A Roman Catholic priest accused of sex crimes against children in Nunavut has arrived in Iqualuit following a stopover in Montreal from Belgium.
Rev. Eric Dejaeger, 63, who is a Canadian citizen, arrived on a commercial flight at 1 p.m. ET Thursday.
RCMP officers accompanied him from the plane into a police truck that took him to the local courthouse for a hearing, the CBC’s Chris Harbord reports.
Dejaeger was put on Interpol’s list of wanted fugitives when the Nunavut Court of Justice issued an arrest warrant in 2002 on six charges involving children in Igloolik, a remote Inuit community in the territory.
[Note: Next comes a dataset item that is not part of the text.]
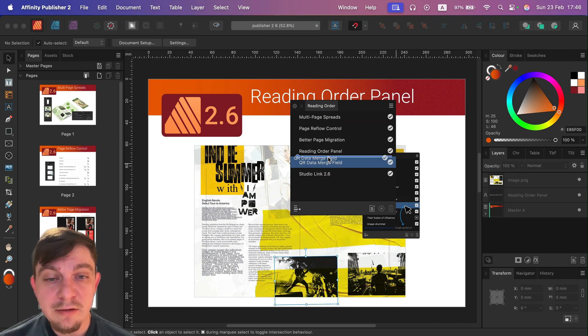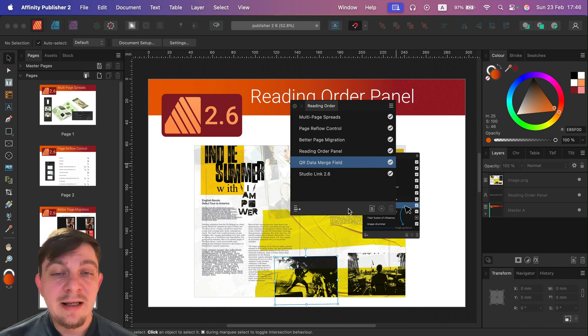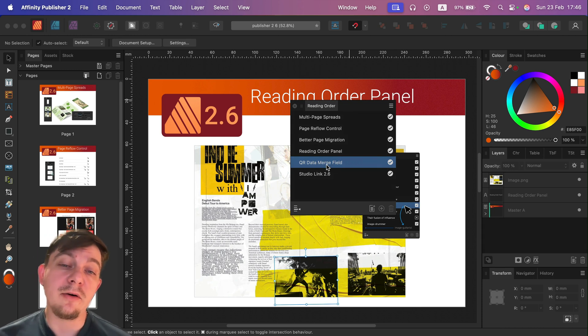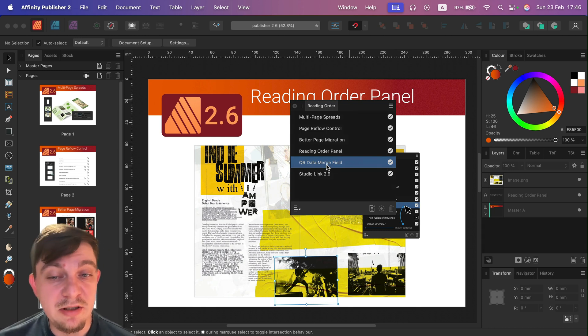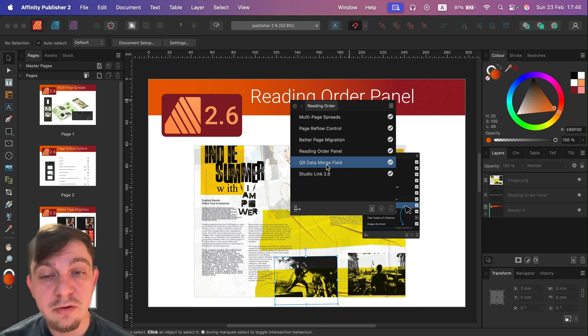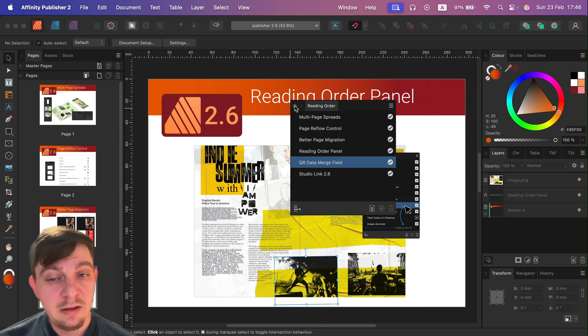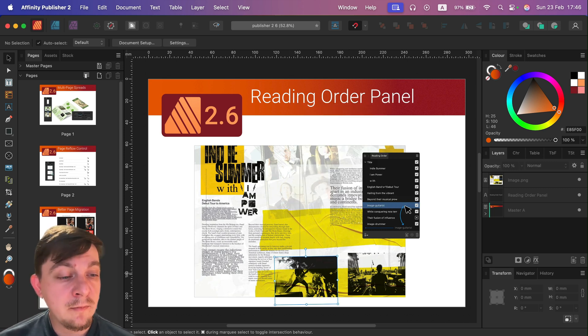You can even switch off the stuff that you think is not important for the reader. So we can kind of make a correct reading order. This is only important for digital publishing, so people going to use some kind of reader to read through the PDF.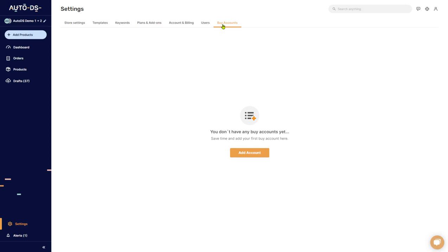Buyer account settings for AutoDS: buyer accounts allow AutoDS to automatically fulfill your orders straight to your customer. When you have an order, AutoDS will log into your supplier's account, buy the product, and send it directly to the customer, automatically updating tracking information. To get started, you need to have your own buyer account.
Dejaeger faces three counts of indecent assault on a male and three counts of buggery, in relation to alleged incidents between 1978 and 1982 in Igloolik, where he had served as a missionary.
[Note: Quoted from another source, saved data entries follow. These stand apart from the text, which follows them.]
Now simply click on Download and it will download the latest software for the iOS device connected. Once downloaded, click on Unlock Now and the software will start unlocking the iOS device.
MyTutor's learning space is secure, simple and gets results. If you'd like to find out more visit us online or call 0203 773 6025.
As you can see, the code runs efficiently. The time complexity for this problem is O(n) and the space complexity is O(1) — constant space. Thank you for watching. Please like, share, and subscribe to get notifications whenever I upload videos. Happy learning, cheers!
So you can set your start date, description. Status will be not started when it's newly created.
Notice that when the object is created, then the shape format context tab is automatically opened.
He pleaded guilty in 1990 to nine counts of sex crimes against boys and girls in Baker Lake, another community in Nunavut, and was sentenced to five years in prison.
But by the time the Igloolik charges were issued in 2002, Dejaeger was living freely in Belgium, his country of birth.
According to Belgian media, Dejaeger was living in an Oblate monastery and worked in the Catholic pilgrimage site of Lourdes, France, where he received Flemish pilgrims.
Belgian authorities detained Dejaeger earlier this month for overstaying his legal residency in that country. According to government officials there, the priest gave up his Belgian citizenship when he became a Canadian citizen in 1977.
Dejaeger was put on a plane from Brussels to Montreal on Wednesday.